En avril 2026, la température moyenne de surface des océans a atteint l’un des niveaux les plus élevés jamais mesurés. Un signal de plus dans une série désormais très suivie par les climatologues, alors que l’océan absorbe une grande partie de l’excès de chaleur lié au réchauffement climatique.
Les océans continuent d’envoyer des signaux préoccupants. Selon Copernicus, la température moyenne de surface de la mer entre 60°S et 60°N a atteint 21,00 °C en avril 2026, soit la 2e valeur la plus élevée jamais enregistrée pour un mois d’avril, derrière le record de 2024. Les données de Mercator Ocean vont dans le même sens, avec une moyenne estimée à 21,08 °C sur la même zone, tout près du niveau observé 2 ans plus tôt.
Ce nouveau pic ne constitue pas, à lui seul, une catastrophe immédiate. Il s’inscrit en revanche dans une tendance lourde : les mers se réchauffent durablement, avec des épisodes de chaleur marine plus fréquents, plus intenses et parfois plus longs. La surface de l’océan réagit aux variations naturelles du climat, notamment aux phases El Niño et La Niña, mais le niveau de fond reste porté par l’accumulation de chaleur liée aux émissions de gaz à effet de serre.

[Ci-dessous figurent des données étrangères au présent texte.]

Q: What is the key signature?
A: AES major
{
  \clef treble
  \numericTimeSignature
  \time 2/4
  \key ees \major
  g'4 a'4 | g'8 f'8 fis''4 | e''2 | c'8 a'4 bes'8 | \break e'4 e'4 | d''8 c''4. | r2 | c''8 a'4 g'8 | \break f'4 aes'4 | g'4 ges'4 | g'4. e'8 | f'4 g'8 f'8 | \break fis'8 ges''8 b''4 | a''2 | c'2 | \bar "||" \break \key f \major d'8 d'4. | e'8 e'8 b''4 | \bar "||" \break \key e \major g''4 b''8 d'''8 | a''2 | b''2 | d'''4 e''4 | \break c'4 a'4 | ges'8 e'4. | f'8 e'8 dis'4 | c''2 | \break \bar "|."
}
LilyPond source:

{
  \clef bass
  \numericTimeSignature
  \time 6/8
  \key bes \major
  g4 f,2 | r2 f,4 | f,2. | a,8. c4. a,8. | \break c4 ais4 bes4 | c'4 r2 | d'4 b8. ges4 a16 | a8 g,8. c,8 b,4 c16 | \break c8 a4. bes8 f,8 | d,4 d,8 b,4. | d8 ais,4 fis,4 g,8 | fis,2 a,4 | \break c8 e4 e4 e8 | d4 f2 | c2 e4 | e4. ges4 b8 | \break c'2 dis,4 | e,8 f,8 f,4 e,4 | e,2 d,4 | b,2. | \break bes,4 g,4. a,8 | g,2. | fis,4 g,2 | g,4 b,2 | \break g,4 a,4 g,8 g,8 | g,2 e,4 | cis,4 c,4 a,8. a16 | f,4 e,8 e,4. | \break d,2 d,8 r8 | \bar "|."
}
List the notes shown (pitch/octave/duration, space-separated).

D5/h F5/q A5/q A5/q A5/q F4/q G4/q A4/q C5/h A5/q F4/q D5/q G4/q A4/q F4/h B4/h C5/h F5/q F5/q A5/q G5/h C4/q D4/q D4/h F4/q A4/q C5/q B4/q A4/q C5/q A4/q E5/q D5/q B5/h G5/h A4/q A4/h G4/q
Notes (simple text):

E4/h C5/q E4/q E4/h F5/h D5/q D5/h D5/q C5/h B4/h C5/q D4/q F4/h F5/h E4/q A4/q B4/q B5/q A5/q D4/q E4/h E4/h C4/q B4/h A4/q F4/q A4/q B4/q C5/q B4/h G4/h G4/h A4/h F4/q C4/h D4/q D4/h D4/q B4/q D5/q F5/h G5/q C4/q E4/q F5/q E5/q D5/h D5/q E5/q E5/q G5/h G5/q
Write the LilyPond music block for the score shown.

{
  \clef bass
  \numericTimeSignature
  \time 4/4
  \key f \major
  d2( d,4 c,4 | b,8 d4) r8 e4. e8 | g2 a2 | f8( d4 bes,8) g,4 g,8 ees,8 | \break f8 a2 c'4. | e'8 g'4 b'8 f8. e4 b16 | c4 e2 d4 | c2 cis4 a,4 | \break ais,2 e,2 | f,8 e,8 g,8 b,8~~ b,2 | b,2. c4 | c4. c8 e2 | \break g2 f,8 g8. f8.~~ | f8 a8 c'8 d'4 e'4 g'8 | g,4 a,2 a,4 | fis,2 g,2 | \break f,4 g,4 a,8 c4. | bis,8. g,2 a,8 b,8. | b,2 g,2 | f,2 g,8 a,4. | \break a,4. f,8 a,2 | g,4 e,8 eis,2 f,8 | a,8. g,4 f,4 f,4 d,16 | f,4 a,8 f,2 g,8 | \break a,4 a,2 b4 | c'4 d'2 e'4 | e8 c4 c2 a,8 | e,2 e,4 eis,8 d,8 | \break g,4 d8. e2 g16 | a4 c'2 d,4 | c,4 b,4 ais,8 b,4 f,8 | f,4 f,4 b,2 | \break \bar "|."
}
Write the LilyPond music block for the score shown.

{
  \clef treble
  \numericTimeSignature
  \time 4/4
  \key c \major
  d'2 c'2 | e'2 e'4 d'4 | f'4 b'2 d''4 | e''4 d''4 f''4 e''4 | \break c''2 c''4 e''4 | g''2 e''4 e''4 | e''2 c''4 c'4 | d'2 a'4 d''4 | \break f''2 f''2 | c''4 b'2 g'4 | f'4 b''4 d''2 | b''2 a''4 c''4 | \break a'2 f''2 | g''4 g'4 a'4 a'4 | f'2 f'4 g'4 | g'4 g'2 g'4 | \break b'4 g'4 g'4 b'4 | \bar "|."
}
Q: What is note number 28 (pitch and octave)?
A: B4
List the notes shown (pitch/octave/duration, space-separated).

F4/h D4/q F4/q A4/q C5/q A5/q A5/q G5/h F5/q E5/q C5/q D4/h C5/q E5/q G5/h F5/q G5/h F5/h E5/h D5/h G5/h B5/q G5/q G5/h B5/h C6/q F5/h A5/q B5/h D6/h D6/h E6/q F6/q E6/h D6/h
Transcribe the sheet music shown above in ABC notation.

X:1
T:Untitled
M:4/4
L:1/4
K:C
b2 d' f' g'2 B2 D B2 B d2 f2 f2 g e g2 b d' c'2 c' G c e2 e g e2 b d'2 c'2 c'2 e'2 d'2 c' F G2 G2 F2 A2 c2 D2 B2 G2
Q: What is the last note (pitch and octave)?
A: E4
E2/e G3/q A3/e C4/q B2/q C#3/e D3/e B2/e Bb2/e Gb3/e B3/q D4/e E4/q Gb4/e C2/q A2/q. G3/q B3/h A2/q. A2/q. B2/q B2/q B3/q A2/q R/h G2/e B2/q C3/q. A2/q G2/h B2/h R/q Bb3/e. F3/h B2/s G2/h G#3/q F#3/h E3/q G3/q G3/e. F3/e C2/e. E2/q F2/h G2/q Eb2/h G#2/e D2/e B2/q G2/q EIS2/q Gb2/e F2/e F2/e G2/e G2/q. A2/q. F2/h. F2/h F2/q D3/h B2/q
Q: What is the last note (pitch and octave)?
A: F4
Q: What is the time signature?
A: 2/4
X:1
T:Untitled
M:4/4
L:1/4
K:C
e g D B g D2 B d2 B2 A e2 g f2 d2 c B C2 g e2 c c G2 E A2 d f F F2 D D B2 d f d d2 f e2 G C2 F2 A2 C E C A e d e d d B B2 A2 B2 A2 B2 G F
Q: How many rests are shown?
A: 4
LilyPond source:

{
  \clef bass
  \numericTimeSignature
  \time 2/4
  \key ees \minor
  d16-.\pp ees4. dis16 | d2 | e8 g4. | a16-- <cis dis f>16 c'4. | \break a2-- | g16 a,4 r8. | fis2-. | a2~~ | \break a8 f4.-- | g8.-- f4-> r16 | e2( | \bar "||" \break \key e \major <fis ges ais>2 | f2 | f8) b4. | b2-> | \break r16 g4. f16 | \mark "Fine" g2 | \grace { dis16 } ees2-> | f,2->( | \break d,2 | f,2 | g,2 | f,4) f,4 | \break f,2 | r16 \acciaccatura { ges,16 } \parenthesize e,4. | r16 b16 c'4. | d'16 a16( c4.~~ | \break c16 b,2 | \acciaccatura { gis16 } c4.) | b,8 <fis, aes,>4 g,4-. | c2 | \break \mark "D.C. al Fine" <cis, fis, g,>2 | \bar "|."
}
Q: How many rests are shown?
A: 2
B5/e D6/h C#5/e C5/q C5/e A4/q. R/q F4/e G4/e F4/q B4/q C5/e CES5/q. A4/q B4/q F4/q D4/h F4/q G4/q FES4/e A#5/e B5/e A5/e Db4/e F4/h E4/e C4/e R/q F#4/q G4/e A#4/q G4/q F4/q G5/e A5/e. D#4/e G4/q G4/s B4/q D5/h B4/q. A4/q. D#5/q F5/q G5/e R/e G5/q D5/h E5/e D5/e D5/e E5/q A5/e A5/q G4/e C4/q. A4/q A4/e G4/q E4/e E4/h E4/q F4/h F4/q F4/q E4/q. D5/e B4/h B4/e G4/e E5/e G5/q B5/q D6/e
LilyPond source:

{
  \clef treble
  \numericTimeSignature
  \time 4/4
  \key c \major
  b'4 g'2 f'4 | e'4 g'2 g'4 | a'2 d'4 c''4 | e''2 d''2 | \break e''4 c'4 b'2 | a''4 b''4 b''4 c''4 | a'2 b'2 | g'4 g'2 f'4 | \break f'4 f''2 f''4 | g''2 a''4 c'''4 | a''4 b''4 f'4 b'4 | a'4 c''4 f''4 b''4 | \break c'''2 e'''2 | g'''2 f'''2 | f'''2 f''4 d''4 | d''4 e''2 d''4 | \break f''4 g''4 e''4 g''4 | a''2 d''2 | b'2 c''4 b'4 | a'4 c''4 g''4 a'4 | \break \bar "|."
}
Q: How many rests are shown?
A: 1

Les conséquences peuvent être importantes pour les écosystèmes marins. Des eaux plus chaudes favorisent le stress des coraux, modifient la répartition de certaines espèces, perturbent les chaînes alimentaires et peuvent accentuer les épisodes de mortalité dans les zones les plus exposées. Elles influencent aussi l’atmosphère, car un océan plus chaud fournit davantage d’énergie aux systèmes météo.
La Méditerranée reste particulièrement surveillée. En avril 2026, elle a figuré parmi les 10 mois d’avril les plus chauds des 34 dernières années pour la température de surface, selon Mercator Ocean. Cette sensibilité est bien connue : mer semi-fermée, fortement exposée aux épisodes de chaleur, elle peut connaître des anomalies marquées en période estivale, avec des effets directs sur la biodiversité, la pêche, les usages littoraux et parfois les phénomènes météo intenses.
Ce nouvel épisode confirme donc une réalité désormais difficile à ignorer : l’océan n’est pas seulement un témoin du changement climatique, il en est l’un des grands régulateurs. Sa capacité à absorber la chaleur a longtemps amorti une partie du réchauffement, mais cette fonction a un coût. Chaque nouveau record, ou presque-record, rappelle que les équilibres marins évoluent rapidement, avec des impacts qui dépassent largement la seule température de l’eau.